Clark then encouraged high society women to tell their circle about the event and to have a lovely and proper picnic at the racetrack, which eventually worked in changing the culture of the race. This tradition has now then evolved into a hat that is believed to be a good luck charm which men and women alike will be wearing hats.

Mint Julep

The Kentucky Derby and the parties for the event always feature the mint julep. Mint julep is the official cocktail of the Kentucky Derby for nearly a century. This cocktail is traditionally made with Bourbon, mint, sugar, and water which is served in a silver or pewter cup. Although it is unknown as to what’s its exact origin, the drink still became popular in the South and is especially popular In Kentucky.

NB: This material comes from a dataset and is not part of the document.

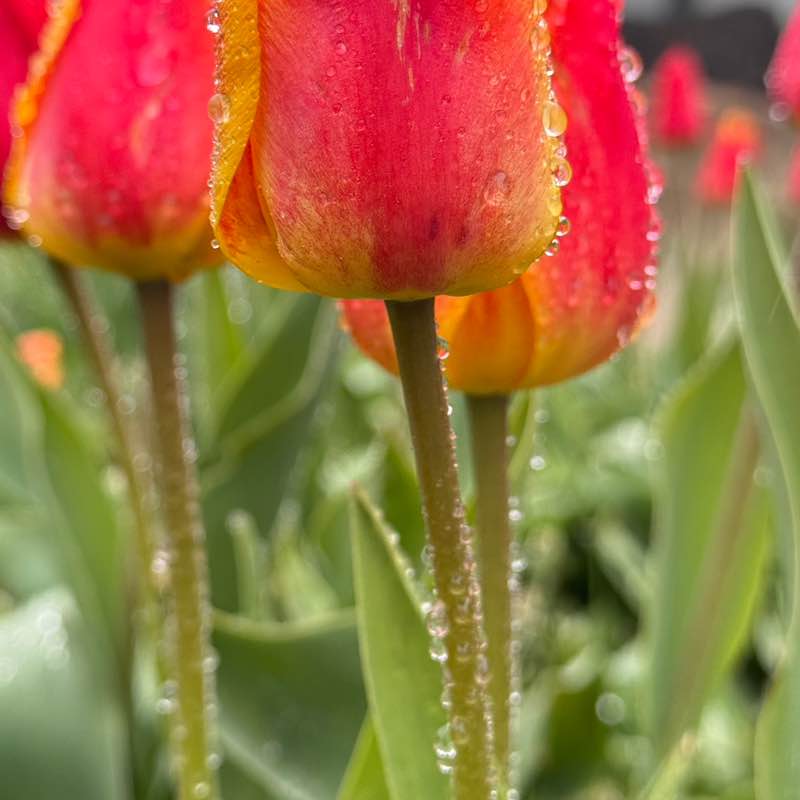 Los Caminantes Anna  🐯 post image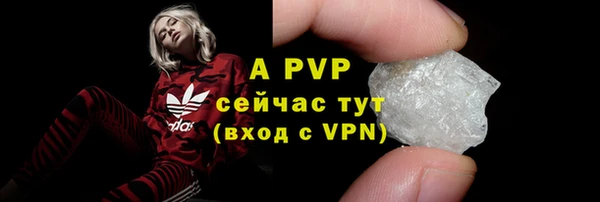 спиды Белая Холуница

Just as how there’s Mint Julep for the Kentucky Derby, other Triple Crown events have their own signature drinks too and dishes as well. In a setting where it is about sophistication, a humble beer wouldn’t cut it as the official drink of the Kentucky Derby.

Garland of Roses

Just like how Preakness Stakes has their Black-Eyed-Susan garland, the Kentucky Derby has their garland of roses wherein the roses symbolize the struggle and heart that is necessary to reach the Derby Winner’s Circle.

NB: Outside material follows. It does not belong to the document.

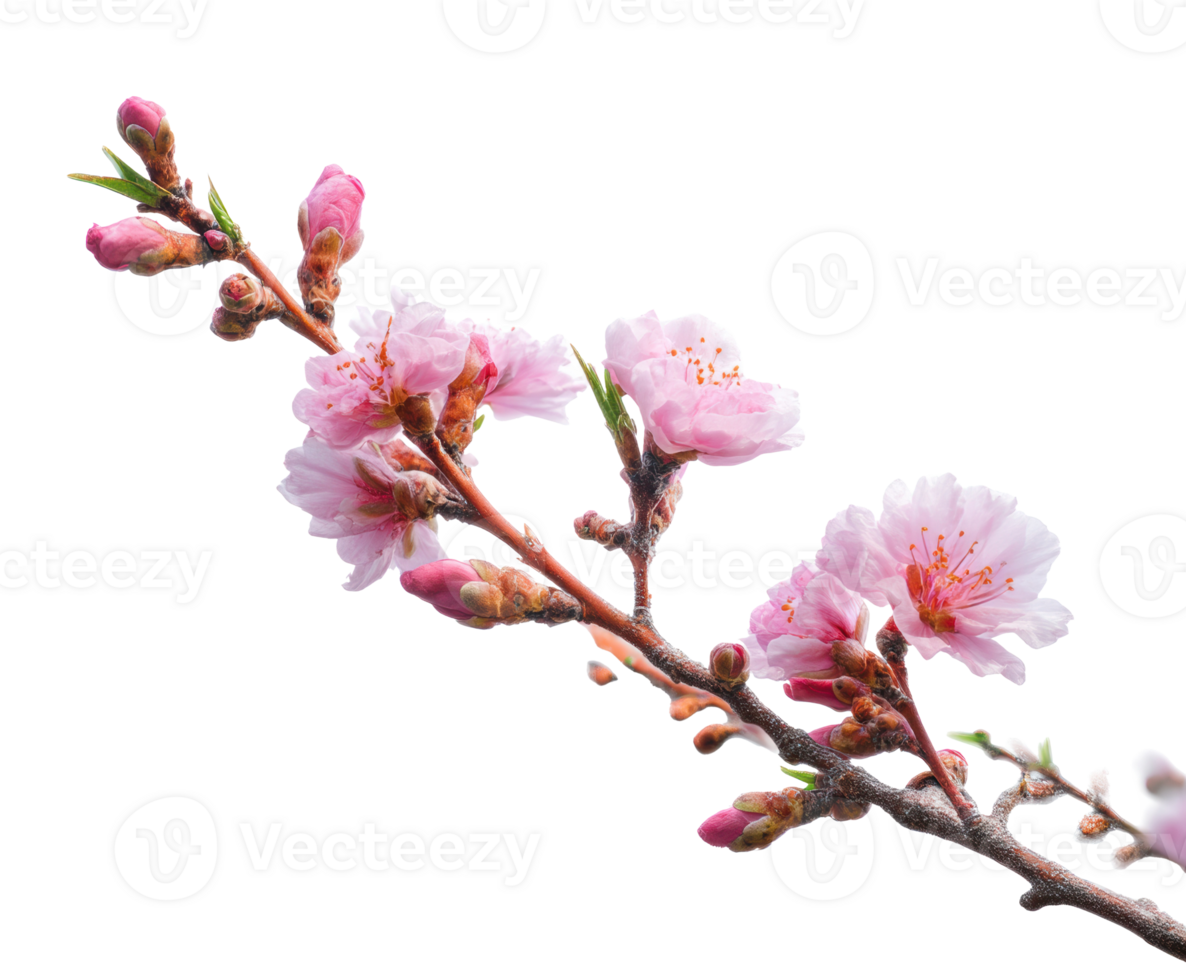 Delicate cherry blossom branch in springtime blooming beauty png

The first rose garland appeared around 1896 when Ben Brush has received a floral arrangement of white and pink roses for his win, later in, it has caused the red rose to become the official flower of the Kentucky Derby in 1904.

Kentucky Oaks

The Kentucky Oaks is a Grade I stake race for the three-year-old Thoroughbred fillies which is annually staged at the Churchill Downs on the day before the Kentucky Derby. The first operation of the Kentucky Oaks was on May 19, 1875. The race, which is founded by Meriwether Lewis Clark, which was the grandson of explorer and Missouri governor, General William Clark of the Lewis and Clark Expedition.

Takeaway

If you’re a true horse racing enthusiast, then shouldn’t you learn more about horse racing, its tradition, and its history? Nothing beats a horse racing fan packed up with loads of information about the horse racing events people are excited for. That’s why you should do your homework and look for more history info of Kentucky Derby on the internet.

Even though it wouldn’t help you out in terms of betting, the things written here would surely heighten up your experience for this year’s Kentucky Derby by attending and participating the said gimmicks they have prepared for this year’s event.